▶ [Exercise]: Repeat every entry word for word; omit all pictures.

▶ [Working data]:

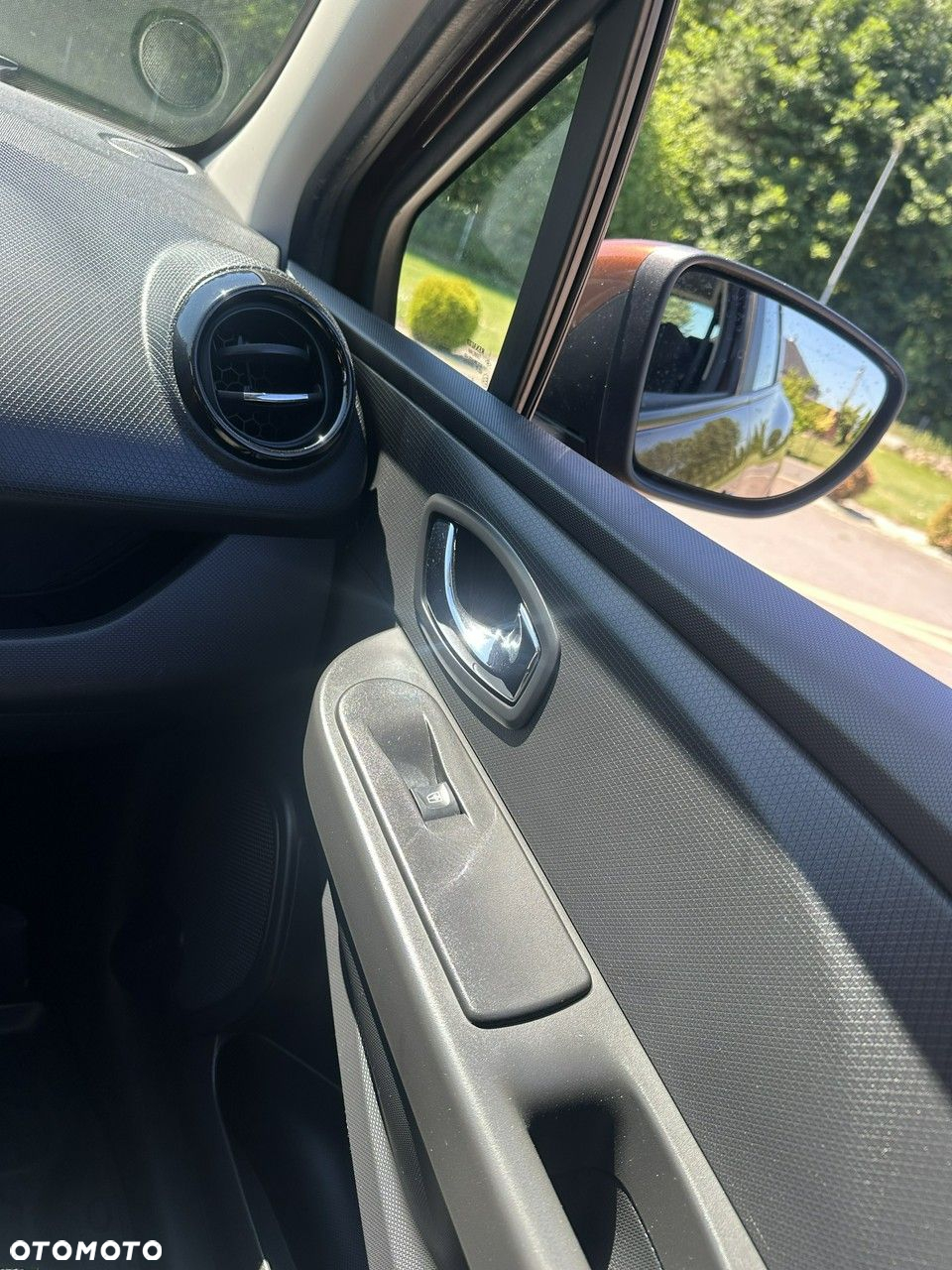 Renault Clio - 11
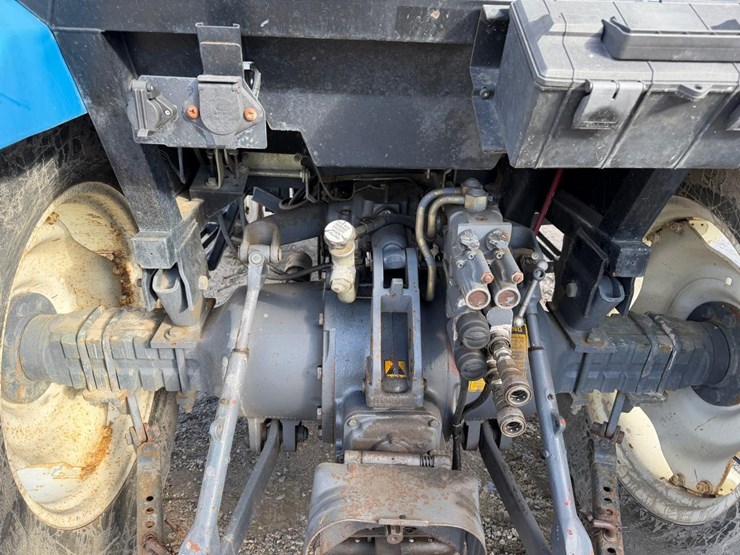 new-holland-3930-image-15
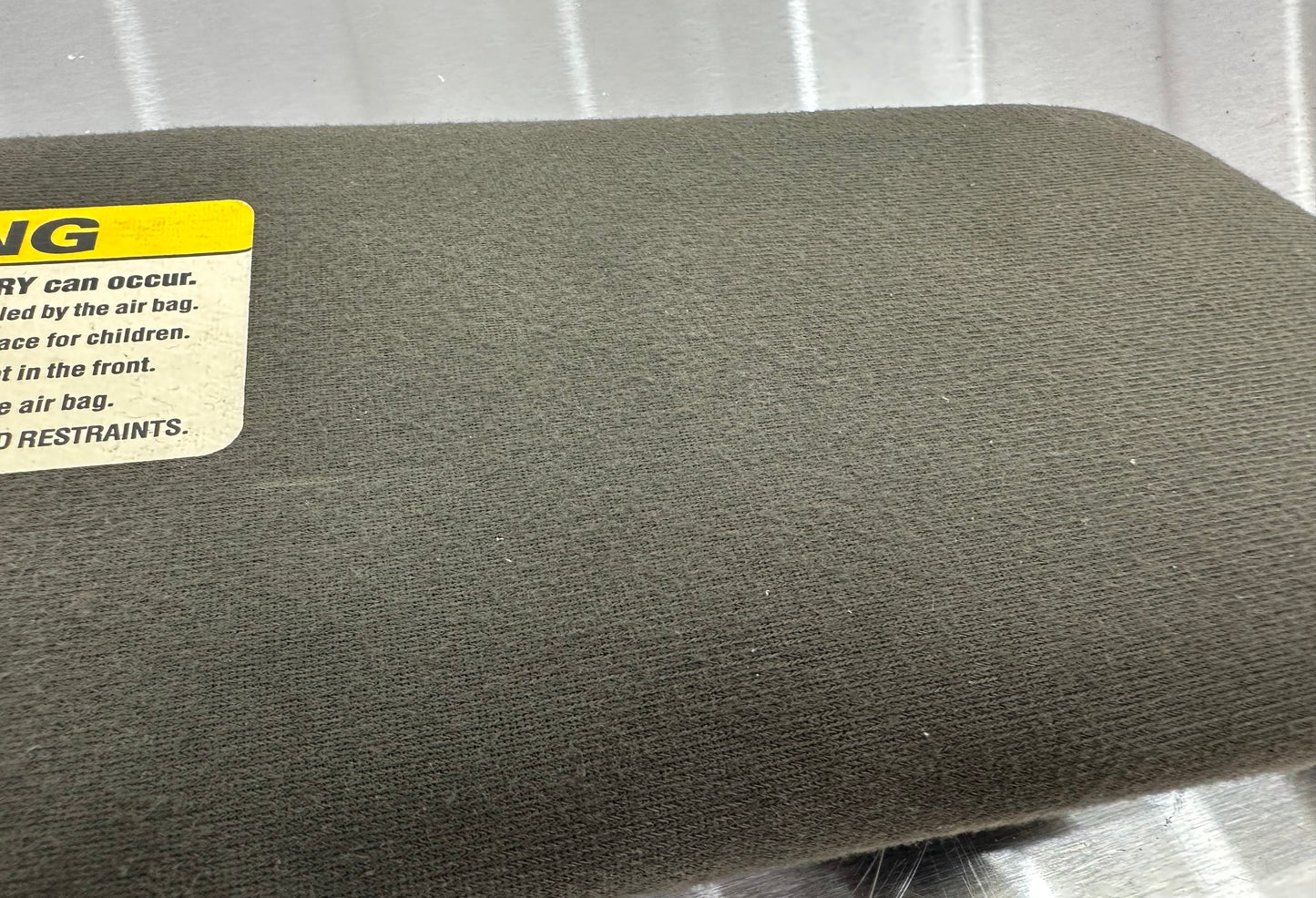 99-04 Ford Mustang Sun Visor W/ Mirror LH Driver Side OEM E97B-1004132-AAW, V66170 #01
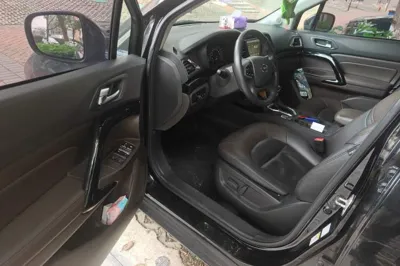 GAC Trumpchi GS4 2017, 103000 км, за 31549.53 CNY - фото 17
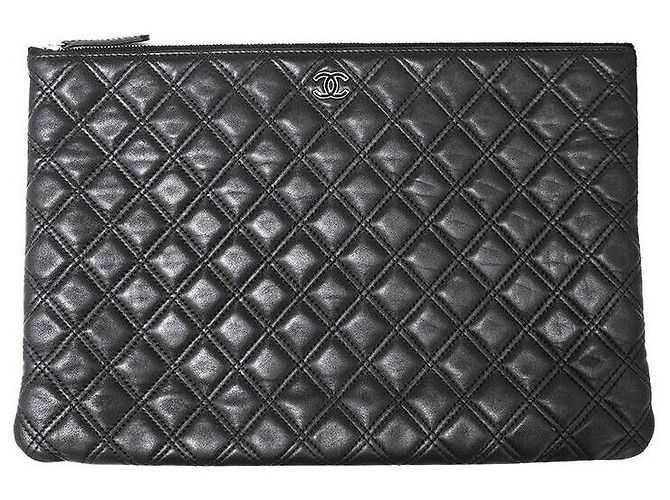 Chanel Große Clutch aus Lammleder Schwarz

▶ [Response to the task]:
 Renault Clio - 11
 new-holland-3930-image-15
 99-04 Ford Mustang Sun Visor W/ Mirror LH Driver Side OEM E97B-1004132-AAW, V66170 #01
 GAC Trumpchi GS4 2017, 103000 км, за 31549.53 CNY - фото 17
 Chanel Große Clutch aus Lammleder Schwarz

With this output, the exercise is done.